Warum gibt es immer weniger Sozialwohnungen?
Rips: Sozialwohnungen sind in der Regel auf 20 oder 30 Jahre befristet. Danach fällt die Wohnung aus der Sozialbindung und wird wie eine normale Wohnung behandelt. Zurzeit fallen jährlich 60000 bis 80000 Wohnungen aus diesen Bindungen. In ganz Deutschland werden vielleicht noch 20000 neue Sozialmietwohnungen gebaut, sodass wir unterm Strich pro Jahr rund 50000 Sozialmietwohnungen verlieren.
Wie viele Mietwohnungen müssten jährlich gebaut werden?
Rips: Wir müssen mindestens einen Bestand von rund vier Millionen Sozialwohnungen erreichen – so wie in den achtziger Jahren. Das ist sicherlich nicht von heute auf morgen zu erreichen. Wir brauchen einen Mietwohnungsneubau. Die jetzigen Neubauzahlen reichen vorne und hinten nicht aus. Nach unserer Schätzung brauchen wir 400000 Wohnungen pro Jahr, davon 100000 Sozialmietwohnungen.
Bundesbauministerin Barbara Hendricks will den sozialen Wohnungsbau in Zukunft mit einer Milliarde Euro fördern. Reichen diese Mittel aus?
Rips: Die Bauministerin hat gute Vorschläge gemacht, die hoffentlich auch umgesetzt werden. Das eine ist die sogenannte Kompensationszahlung, die der Bund an die Länder für die soziale Wohnraumförderung leistet – das sind zurzeit 518 Millionen Euro. Dieser Betrag soll auf eine Milliarde Euro verdoppelt werden. Das ist gut und wichtig. Genauso wichtig wäre aber, dass die Länder nicht nur die Bundesmittel für den Bau von sozialen Mietwohnungen verwenden, sondern auch eigene Finanzmittel drauflegen, damit die gewünschte Zahl von Sozialmietwohnungen gebaut werden kann.
Die Bundesbauministerin möchte durch die degressive Abschreibung, also verbesserte steuerliche Abschreibungsbedingungen, den Wohnungsneubau ankurbeln. Wie stehen Sie dazu?
Rips: Den Vorschlag für verbesserte Abschreibungsbedingungen für Investoren halte ich für sinnvoll. Aber nur, wenn er nicht nach dem Gießkannenprinzip, sondern nur in den Gebieten erfolgt, in denen wir Wohnungsengpässe haben. Wo Länder die Mietpreisbremse eingeführt haben, halten wir eine degressive Abschreibung für Investoren für eine ausgesprochen gute Idee.
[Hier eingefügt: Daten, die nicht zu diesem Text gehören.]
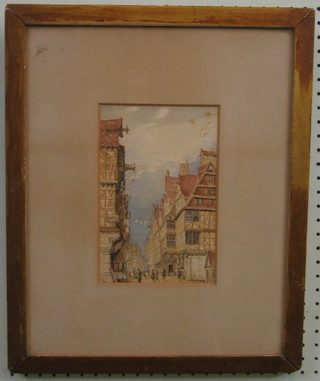 H G G, 19th Century Continental watercolour "Street Scene with Figures" monogrammed and dated 1879, 9" x 6"
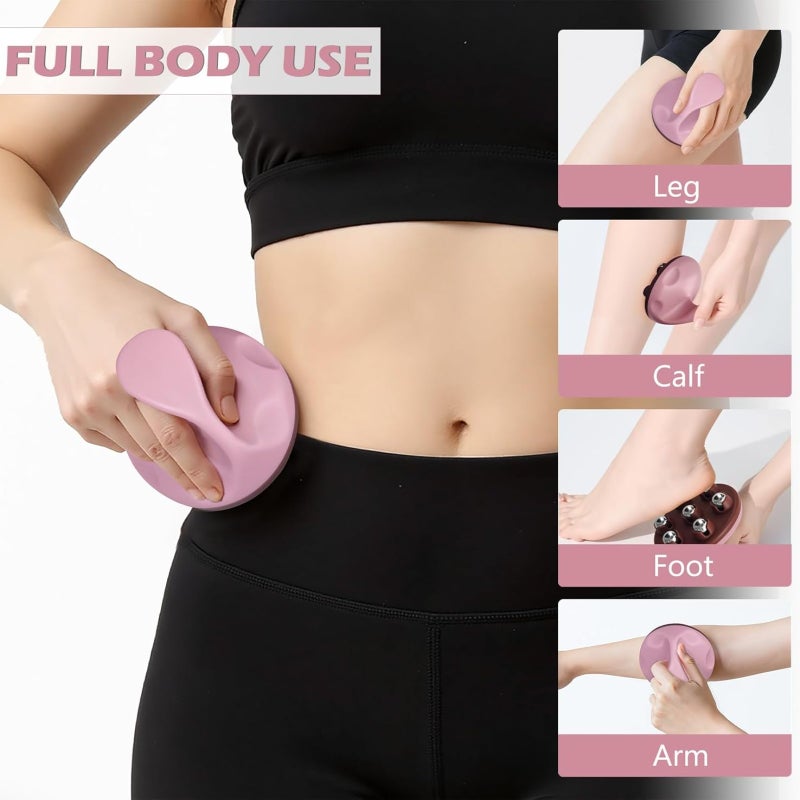 Lymphatic massage roller fat reducing and shaping beauty tool  pink - Image 3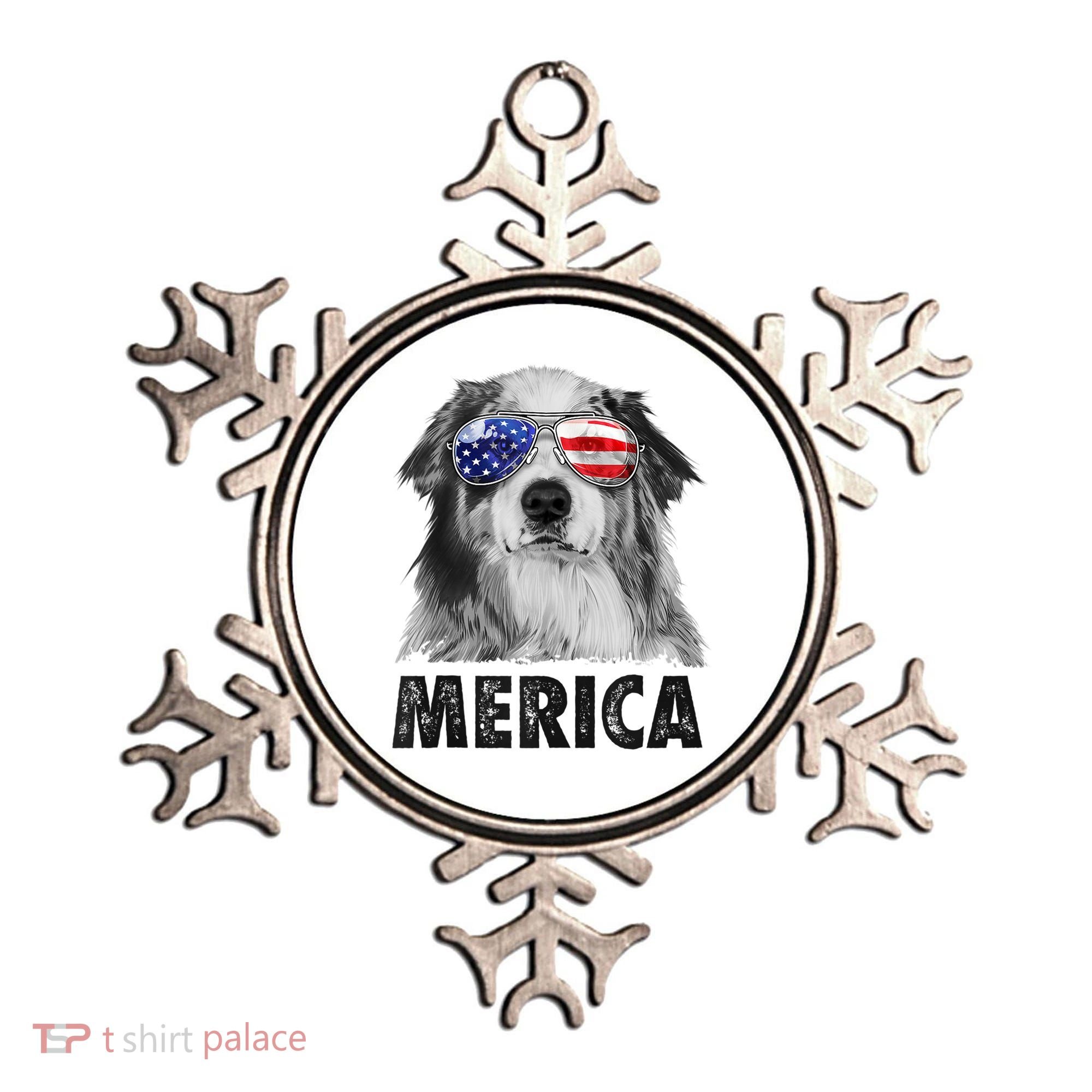 Aussie Australian Shepherd 4th Of July Merica American Flag Ornament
Was erwarten Sie von der Politik in Bezug auf den Mietwohnungsbau?
Rips: Die Kommunen und der kommunale Wohnungsbau müssen eine viel größere Rolle in der Wohnungspolitik spielen. Auch müssen Wohnungsbaugenossenschaften gestärkt werden. Die Herausforderung, bezahlbares Wohnen sicherzustellen, wird man nur mit einem Bündel an Maßnahmen gewährleisten können.
Wie wirkt sich die Mietpreisbremse aus?
Rips: Wir haben relativ wenige Erfahrungen, wie die Mietpreisbremse wirkt. Es gibt eine Untersuchung, nach der die Mieten in Berlin und Hamburg gesunken sind. Aber die Regelungen zur Mietpreisbremse haben verschiedene Geburtsfehler: Die Länder und Kommunen entscheiden, wo sie gilt. Ein weiteres Problem ist, dass ein Vermieter, der gegen die Mietpreisbremse verstößt, keine großen Sanktionen fürchten muss.